_Work required_. Only an exact copy of the records, from the line with "UNDER ARMOUR MAGLIA" through the last line, is wanted.

(Brief descriptive captions)
***

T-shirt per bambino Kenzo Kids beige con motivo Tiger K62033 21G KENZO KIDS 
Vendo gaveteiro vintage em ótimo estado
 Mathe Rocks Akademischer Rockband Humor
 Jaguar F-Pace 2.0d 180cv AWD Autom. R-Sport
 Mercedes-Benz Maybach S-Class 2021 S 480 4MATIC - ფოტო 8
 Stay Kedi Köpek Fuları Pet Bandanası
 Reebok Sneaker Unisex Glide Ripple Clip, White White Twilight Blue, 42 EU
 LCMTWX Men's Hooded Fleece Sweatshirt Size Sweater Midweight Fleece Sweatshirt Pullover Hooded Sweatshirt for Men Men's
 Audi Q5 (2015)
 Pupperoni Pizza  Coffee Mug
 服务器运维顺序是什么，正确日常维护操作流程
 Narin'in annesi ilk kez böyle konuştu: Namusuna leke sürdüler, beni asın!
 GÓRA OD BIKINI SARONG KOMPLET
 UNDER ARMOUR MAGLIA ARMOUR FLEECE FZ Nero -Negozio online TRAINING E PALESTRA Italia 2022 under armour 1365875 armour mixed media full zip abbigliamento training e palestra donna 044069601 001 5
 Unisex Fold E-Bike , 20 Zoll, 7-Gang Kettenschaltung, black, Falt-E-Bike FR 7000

***

_Solution to this problem_.
 UNDER ARMOUR MAGLIA ARMOUR FLEECE FZ Nero -Negozio online TRAINING E PALESTRA Italia 2022 under armour 1365875 armour mixed media full zip abbigliamento training e palestra donna 044069601 001 5
 Unisex Fold E-Bike , 20 Zoll, 7-Gang Kettenschaltung, black, Falt-E-Bike FR 7000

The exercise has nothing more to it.